Kabbalah further teaches that each of these 49 days must be used for self-refinement, introspection and action so that by the time we reach the 50th day, we shall have amassed 49 segments of time and countless purposeful actions that have brightened and elevated our world.
This lesson holds particularly true during this coronavirus era. As we together face the many unknowns of our future, we too ought to remember that “what matters most” — as my dear mentor, world-scholar Rabbi Adin Steinsaltz, says — is “what is now.”
Will the day after look any different? Will the stock market continue to fluctuate so frantically? Will our society have become better and stronger? No one really knows.
Yet, there is one truth that remains forever certain: Every day is filled with infinite treasures that will never return. Every moment is filled with opportunities that beg to be actualized. Every hour holds within it blessings that impatiently wait to be unleashed.

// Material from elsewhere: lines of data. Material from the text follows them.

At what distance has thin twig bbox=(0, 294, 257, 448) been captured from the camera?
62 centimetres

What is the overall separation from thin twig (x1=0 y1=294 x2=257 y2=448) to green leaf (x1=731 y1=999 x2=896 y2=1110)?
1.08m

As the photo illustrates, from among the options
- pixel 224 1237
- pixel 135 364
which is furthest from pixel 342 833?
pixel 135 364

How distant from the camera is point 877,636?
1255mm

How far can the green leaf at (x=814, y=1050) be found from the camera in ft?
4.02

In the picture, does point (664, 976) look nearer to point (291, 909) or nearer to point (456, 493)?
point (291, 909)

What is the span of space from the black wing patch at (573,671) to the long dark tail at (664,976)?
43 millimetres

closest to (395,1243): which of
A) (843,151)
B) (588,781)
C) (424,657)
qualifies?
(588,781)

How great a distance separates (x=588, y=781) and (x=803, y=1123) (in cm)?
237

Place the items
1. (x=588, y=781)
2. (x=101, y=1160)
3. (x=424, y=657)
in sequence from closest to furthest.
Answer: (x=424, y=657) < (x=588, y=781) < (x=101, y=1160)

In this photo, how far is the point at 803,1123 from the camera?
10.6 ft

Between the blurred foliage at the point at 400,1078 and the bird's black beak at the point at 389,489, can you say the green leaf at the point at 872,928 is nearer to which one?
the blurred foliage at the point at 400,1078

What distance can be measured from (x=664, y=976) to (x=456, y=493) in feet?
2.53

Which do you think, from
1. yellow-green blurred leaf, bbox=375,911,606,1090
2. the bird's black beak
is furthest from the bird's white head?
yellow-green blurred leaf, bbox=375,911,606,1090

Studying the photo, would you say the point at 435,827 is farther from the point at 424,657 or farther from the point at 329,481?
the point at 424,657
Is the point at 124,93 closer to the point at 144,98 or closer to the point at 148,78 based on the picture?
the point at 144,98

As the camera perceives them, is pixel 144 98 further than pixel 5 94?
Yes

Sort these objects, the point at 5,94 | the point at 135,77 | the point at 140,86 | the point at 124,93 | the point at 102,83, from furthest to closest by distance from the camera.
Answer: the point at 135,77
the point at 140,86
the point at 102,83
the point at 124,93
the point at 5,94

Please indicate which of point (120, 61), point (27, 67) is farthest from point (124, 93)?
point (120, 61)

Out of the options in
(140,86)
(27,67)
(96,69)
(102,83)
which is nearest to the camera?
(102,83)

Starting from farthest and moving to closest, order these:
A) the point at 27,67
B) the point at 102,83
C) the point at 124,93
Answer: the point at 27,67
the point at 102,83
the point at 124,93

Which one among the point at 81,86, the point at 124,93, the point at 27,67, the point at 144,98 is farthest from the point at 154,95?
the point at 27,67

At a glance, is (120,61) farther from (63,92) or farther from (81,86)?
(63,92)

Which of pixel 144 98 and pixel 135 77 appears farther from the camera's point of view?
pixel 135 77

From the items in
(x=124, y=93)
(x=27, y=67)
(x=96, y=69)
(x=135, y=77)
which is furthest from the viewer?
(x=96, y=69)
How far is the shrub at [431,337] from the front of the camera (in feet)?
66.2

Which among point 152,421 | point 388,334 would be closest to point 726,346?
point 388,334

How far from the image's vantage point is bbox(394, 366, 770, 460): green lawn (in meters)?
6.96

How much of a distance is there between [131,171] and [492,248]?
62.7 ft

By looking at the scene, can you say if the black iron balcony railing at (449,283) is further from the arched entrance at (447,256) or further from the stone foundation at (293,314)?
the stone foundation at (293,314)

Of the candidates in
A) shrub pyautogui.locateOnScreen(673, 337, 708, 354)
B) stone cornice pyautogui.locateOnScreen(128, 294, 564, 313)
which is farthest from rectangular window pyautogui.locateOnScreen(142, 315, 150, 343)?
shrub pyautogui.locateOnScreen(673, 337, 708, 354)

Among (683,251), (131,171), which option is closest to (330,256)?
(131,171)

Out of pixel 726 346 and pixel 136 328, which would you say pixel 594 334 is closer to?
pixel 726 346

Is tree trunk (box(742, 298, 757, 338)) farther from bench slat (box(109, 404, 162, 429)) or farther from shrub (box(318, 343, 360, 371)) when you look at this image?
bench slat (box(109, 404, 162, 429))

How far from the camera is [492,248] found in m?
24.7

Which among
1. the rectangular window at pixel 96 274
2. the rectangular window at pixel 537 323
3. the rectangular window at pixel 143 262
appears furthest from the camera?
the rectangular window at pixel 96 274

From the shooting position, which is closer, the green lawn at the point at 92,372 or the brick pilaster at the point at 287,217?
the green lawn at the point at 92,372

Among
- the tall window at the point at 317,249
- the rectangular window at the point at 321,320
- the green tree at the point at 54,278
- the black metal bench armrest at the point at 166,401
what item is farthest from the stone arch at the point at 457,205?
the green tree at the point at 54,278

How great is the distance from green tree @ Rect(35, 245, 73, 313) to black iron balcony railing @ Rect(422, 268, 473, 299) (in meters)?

Every one of us has family members and loved ones who deserve our unreserved love.
So let us throw away our fears, count and value our every day and infuse our every moment, every encounter and every opportunity, with undivided attention, purpose and joy.
To paraphrase Yoni Netanyahu, who sacrificed his life to save his fellow Jews being held hostage by terrorists during the IDF raid on the Entebbe airport in 1976:
“Man does not live forever. He should put the days of his life to the best possible use. He should try to live life to its fullest. How to do this I can’t tell you. I only know that I don’t want to reach a certain age, look around me and suddenly discover that I’ve created nothing. I must feel certain that, not only at the moment of my death shall I be able to account for the time I have lived, I ought to be ready at every moment of my life to confront myself and say — this is what I’ve done.” (“The Letters of Jonathan Netanyahu”)
May we each merit to live by these words fully, every single day. JN
Rabbi Pinchas Allouche is the spiritual leader of Congregation Beth Tefillah in Scottsdale.